# Leather & Equipment Auction in Ohio



## bjjohns (May 26, 2013)

I was going to put this in fibers, but it's not really appropriate. I plan on going to the Weaver Leather Auction  this year (June 19th & 20th). Last time I went I got a really great deal on a Durkopf-Adler flatbed industrial sewing machine (It will sew up to 1/2" thick), as well as a whole bunch of nylon & propylene strapping (great for collars, tie-out, hinges, whatever. I bought neoprene sheets, some leather sides, a electric sole nailer (Don't ask - it was $5 ). That was 10 years ago.

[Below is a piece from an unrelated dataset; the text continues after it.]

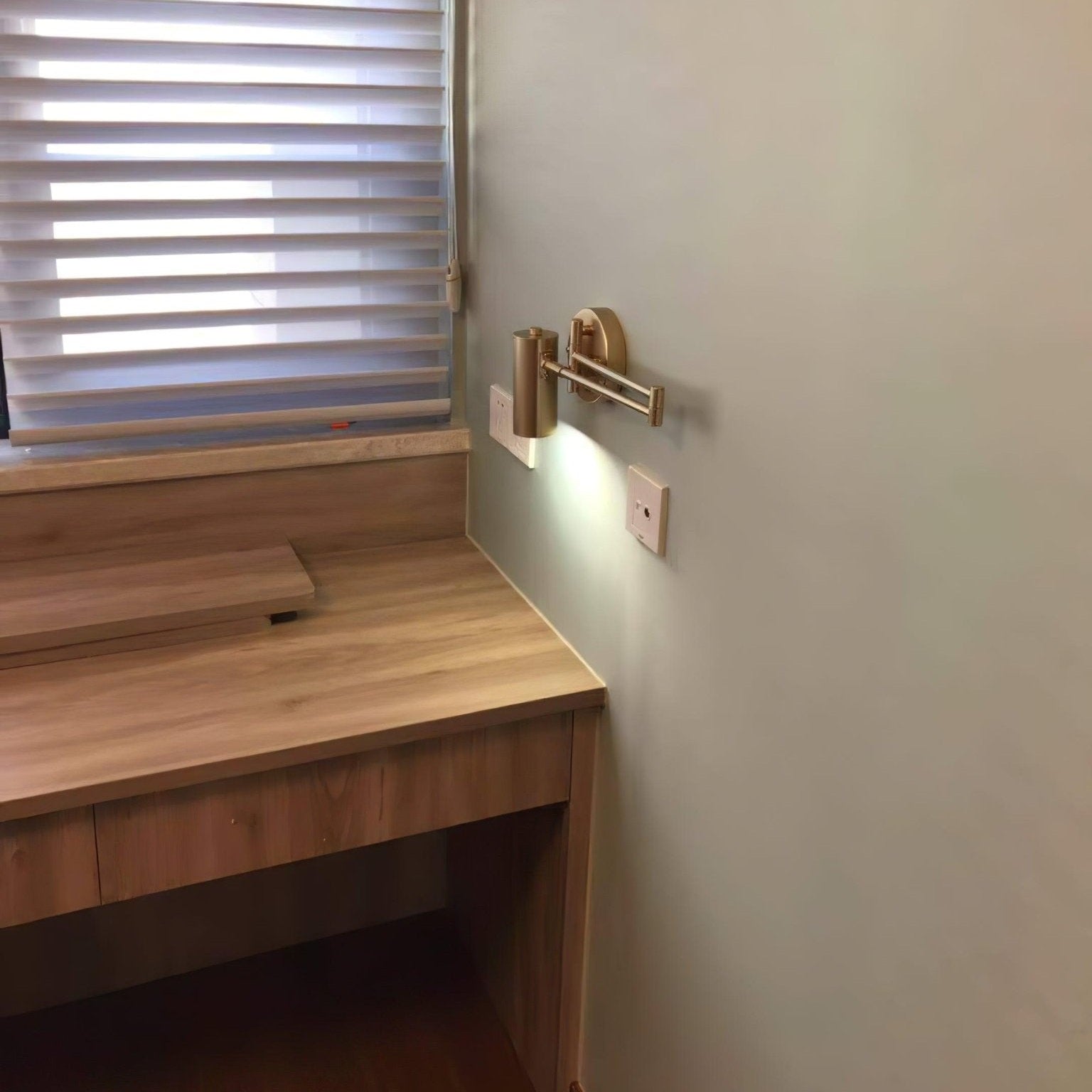 Wall-Mounted Swing Arm Light Lighting Lobby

Anybody else thinking of going?


----------



## norseofcourse (May 27, 2013)

This sounds so neat!  Middle of the week though, so I'm not sure.  Did you go both days last time?  Do they have any kind of schedule as to what gets auctioned each day?


----------



## bjjohns (May 27, 2013)

Last time I traveled up from Arkansas, so we did stay both days. They put out a schedule, and I am on the mailing list, but I just have not seen it yet this year. It's a long auction, usually with separate things going on at the same time. Like small hand tools in one ring, manufactured items (like bridles, lead ropes, etc.), and hardware (rivets, buckles, snaps, etc.) in a third.


----------



## goodhors (May 28, 2013)

Thanks for the information.  We might just go!


----------